Problem Management:

From HORSE - Holistic Operational Readiness Security Evaluation.
Jump to navigation Jump to search

Problem Management

The goal of Problem Management is to resolve the root cause of incidents and thus to minimize the adverse impact of incidents and problems on business that are caused by errors within the IT infrastructure, and to prevent recurrence of incidents related to these errors.

A `problem' is an unknown underlying cause of one or more incidents, and a `known error' is a problem that is successfully diagnosed and for which a work-around has been identified. The CCTA defines problems and known errors as follows:

A problem is a condition often identified as a result of multiple Incidents that exhibit common symptoms. Problems can also be identified from a single significant Incident, indicative of a single error, for which the cause is unknown, but for which the impact is significant.
A known error is a condition identified by successful diagnosis of the root cause of a problem, and the subsequent development of a Work-around.

Problem management is different from incident management. The principal purpose of problem management is find and resolve the root cause of a problem and prevention of incidents; the purpose of incident management is to return the service to normal level as soon as possible, with smallest possible business impact.

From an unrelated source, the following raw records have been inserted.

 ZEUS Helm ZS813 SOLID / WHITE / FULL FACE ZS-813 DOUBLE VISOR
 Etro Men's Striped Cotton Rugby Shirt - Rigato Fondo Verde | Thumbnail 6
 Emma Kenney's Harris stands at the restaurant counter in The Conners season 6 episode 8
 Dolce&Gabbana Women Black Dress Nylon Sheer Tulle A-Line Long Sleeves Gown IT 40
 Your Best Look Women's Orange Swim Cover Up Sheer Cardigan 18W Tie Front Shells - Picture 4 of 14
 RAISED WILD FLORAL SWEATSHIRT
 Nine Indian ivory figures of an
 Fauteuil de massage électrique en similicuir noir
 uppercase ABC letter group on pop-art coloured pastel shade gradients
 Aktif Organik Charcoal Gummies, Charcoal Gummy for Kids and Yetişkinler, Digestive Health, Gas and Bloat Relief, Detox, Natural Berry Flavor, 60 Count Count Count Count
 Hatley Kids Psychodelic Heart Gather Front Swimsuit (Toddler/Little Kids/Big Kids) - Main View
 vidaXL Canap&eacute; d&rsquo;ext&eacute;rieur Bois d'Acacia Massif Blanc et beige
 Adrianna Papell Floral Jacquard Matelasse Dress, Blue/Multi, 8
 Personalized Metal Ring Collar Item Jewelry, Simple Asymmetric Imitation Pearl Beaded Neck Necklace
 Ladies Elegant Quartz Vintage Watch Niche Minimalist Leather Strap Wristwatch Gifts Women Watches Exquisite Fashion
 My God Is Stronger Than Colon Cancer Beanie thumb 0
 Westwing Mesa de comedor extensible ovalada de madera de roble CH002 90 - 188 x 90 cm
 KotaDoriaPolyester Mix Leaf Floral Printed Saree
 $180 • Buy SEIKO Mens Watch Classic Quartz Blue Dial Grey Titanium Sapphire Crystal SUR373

The problem management process is intended to reduce the number and severity of incidents and problems on the business, and report it in documentation to be available for the first-line and second line of the help desk. The proactive process identifies and resolves problems before incidents occur.

These activities are:

  • Trend analysis;
  • Targeting support action;
  • Providing information to the organization.

The Error Control Process is an iterative process to diagnose known errors until they are eliminated by the successful implementation of a change under the control of the Change Management process.

The Problem Control Process aims to handle problems in an efficient way. Problem control identifies the root cause of incidents and reports it to the service desk. Other activities are:

  • Problem identification and recording;
  • Problem classification;
  • Problem investigation and diagnosis.

The standard technique for identifying the root cause of a problem is to use an "fishbone diagram", also referred to as a cause-and-effect diagram, or tree diagram. It is typically the result of a brainstorming session in which members of a group offer ideas to improve a product. For problem-solving, the goal will be to find the cause and effect of the problem.

Fishbone diagrams can be defined in a meta-model.

First there is the main subject, it's the backbone of the diagram what we try to solve or improve, the main subject is derived from a cause. The relationship between a cause and an effect is a double relation: an effect is a result of a cause, and the cause is the root of an effect. But there is just one effect for several causes and one cause for several effects.